• Assignment:
Leaving the pictures aside, restate all of the data exactly.

• Exercise data:
--
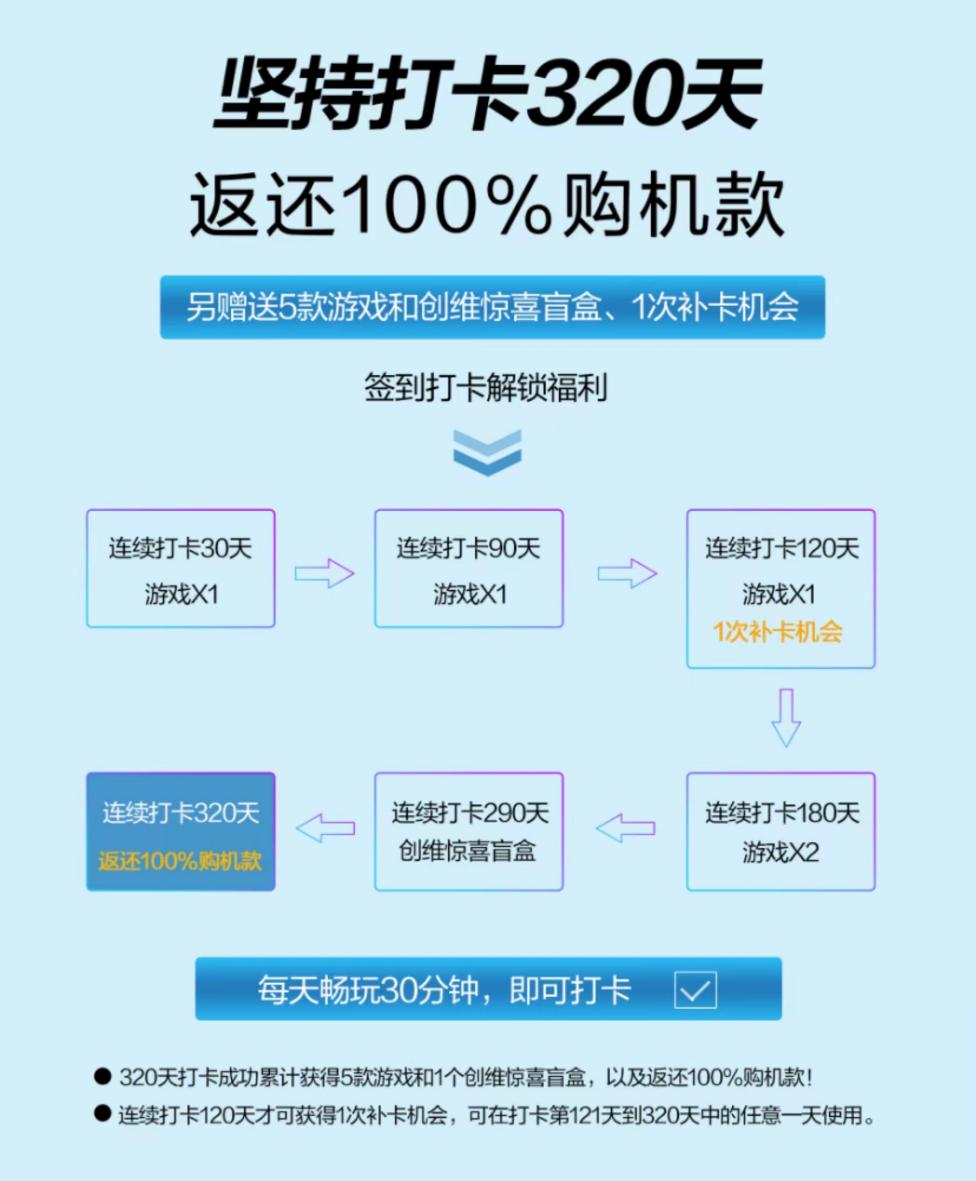 万元内最好的短焦VR一体机开售，创维PANCAKE 1C打卡返全额购机款 智能公会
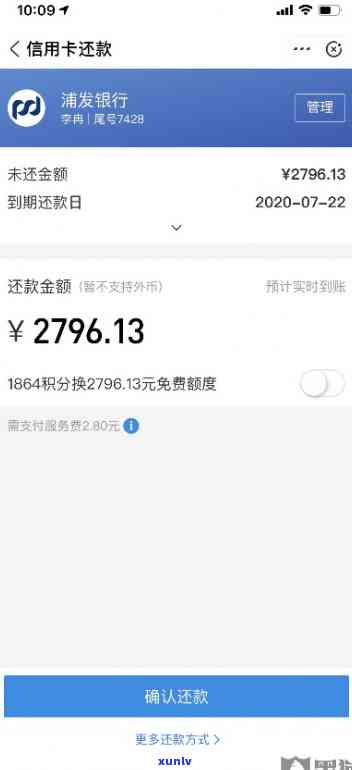 浦发逾期10天，需提供收入证明实施  协商还款，无法一次性还清怎么办？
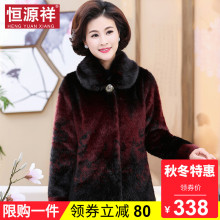 恒源祥中老年人秋冬妈妈装短款仿皮草加厚保暖呢子贵妇毛呢外套女图片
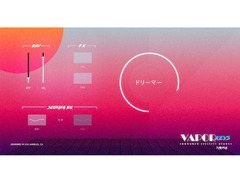 Karanyi Sounds Collection 9 Producer image 3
--
• Task answer:
 万元内最好的短焦VR一体机开售，创维PANCAKE 1C打卡返全额购机款 智能公会
 浦发逾期10天，需提供收入证明实施  协商还款，无法一次性还清怎么办？
 恒源祥中老年人秋冬妈妈装短款仿皮草加厚保暖呢子贵妇毛呢外套女图片
 Karanyi Sounds Collection 9 Producer image 3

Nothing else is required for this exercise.